The Vahishtoishti Gatha is the last of the five Gathas, the most important texts of Zoroastrianism. It is named after the first word of the first verse. With just 9 stanzas and 36 verses it is the shortest poem in the collection.[1]

The name of the Vahishtoishti Gatha, also rendered as Gatha Vahishtoishti,[2] Gāθā vahištōištiš[3] or Vahištōišti Gāθā ,[1] is drawn from the first words of the poem vahishtâ îshtish. The menaing of these words translate as best wish, but there is no particular connection to its content.

Among the Gathic hymns, the Vahishtoishti Gatha is the shortest overall and the least well preserved.[4] It only covers a single chapter of the Yasna, called haiti or ha.[5] Since the Gathas are edited as part of the wider Yasna, their chapters and stanzas are, therefore, referenced using the notation of the Yasna.[6] Within this system, the Vahishtoishti Gatha covers ha 53 of the Yasna.[7]

Structure

The Vahishtoishti Gatha consists of a single ha (chapter) with nine stanzas. Each stanza consists of four verses leading to 36 verses in total. The meter varies within each stanza. The first two verses of a stanza consist of 12 syllables with a caesura after the first seven, whereas the remaining two verses consist of 21 syllables with two ceasuras after seven syllables each.[8]
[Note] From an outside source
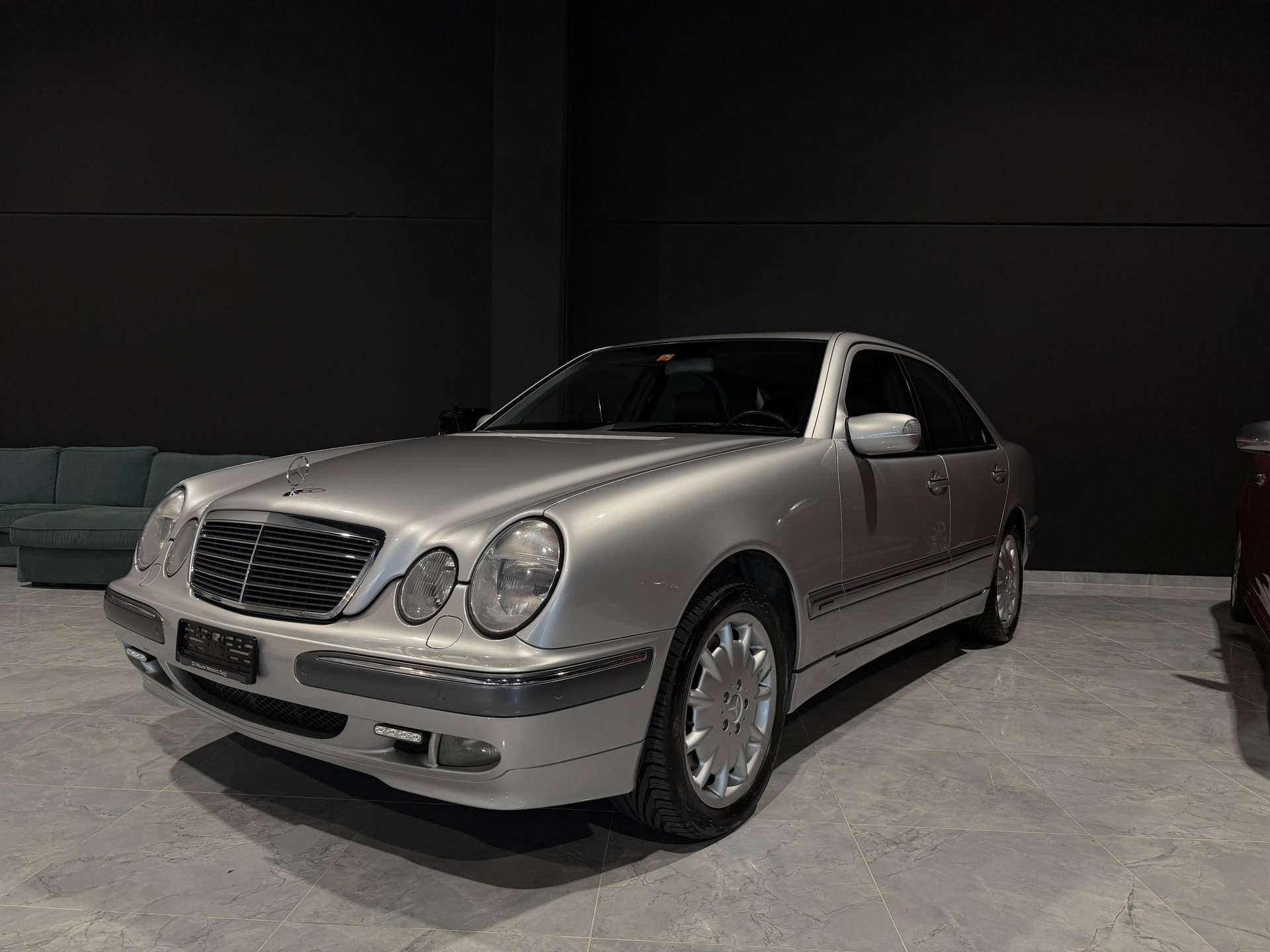 MERCEDES-BENZ E 430 Elégance 4-Matic Automatic-image-2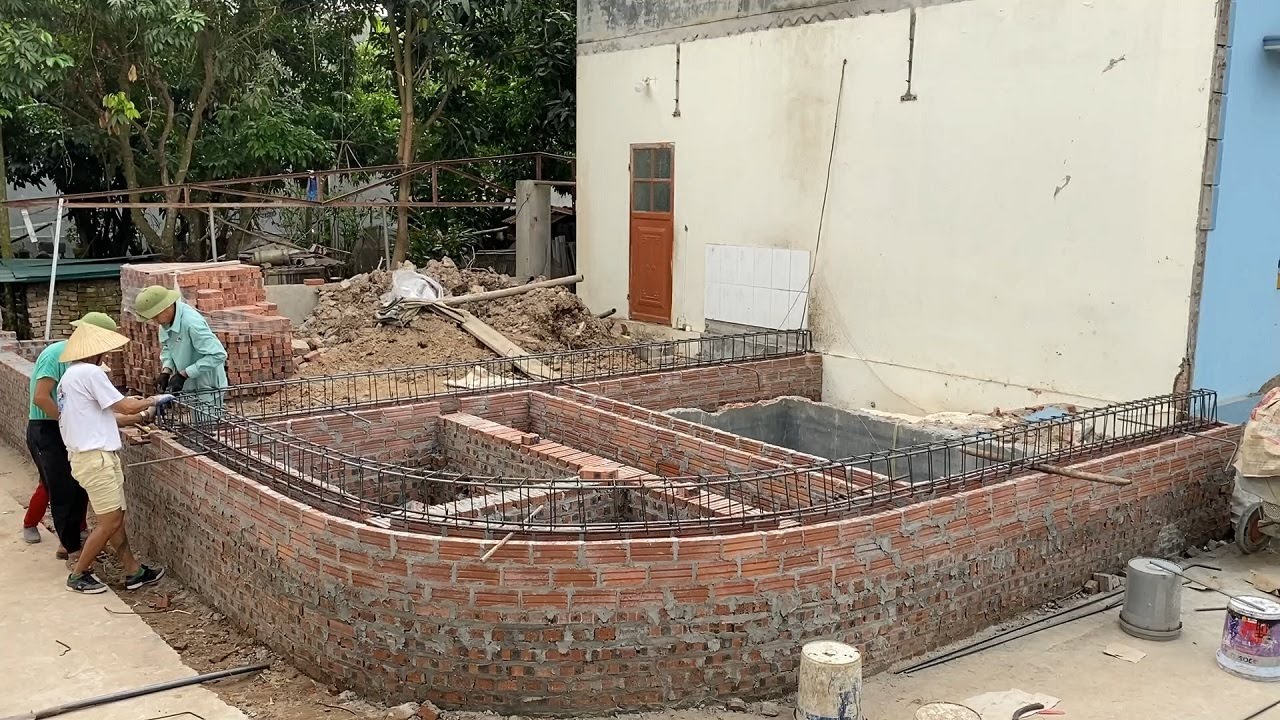 Skill Construction Curved Reinforced Concrete Beams With Brick Building Shaping Formwork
The first stanza of the Vahishtoishti Gatha reads as follows:


Transliteration
vahishtâ îshtish srâvî // zarathushtrahê
dà spitâmahyâ ýezî hôi // dât âyaptâ
ashât hacâ ahurô // mazdå ýavôi vîspâi â // hvanghevîm
ýaêcâ hôi daben sasheñcâ // daênayå vanghuyå // uxdhâ shyaothanâcâ

Meter:
x x x x ᴗ ᴗ x // x x x x x
x x x x ᴗ ᴗ x // x x x x x
x x x x ᴗ ᴗ x // x x x x ᴗ ᴗ x // x x x x x
x x x x ᴗ ᴗ x // x x x x ᴗ ᴗ x // x x x x x

Translation:
The best quest of Spitama Zarathustra
has has found a hearing
since Mazda Ahura, in accordance with truth, has granted the boons of good existence for all times
to him as well as to those who practice and master the utterances and actions of his good religion.

Yasna 51.1 (translated by Humbach and Ichaporia)[9]

Like all the Gathic meters, the meter of the Vahishtoishti Gathahas been analyzed in comparison with the Vedic metre found in the Vedas. It shares the eleven-syllable verse count as well as the caesura after the fourth syllable. On the other hand, the Gathic verses lack any qualitative structure, i.e., there is no recognicable pattern of stressed vs. unstressed syllables.[10]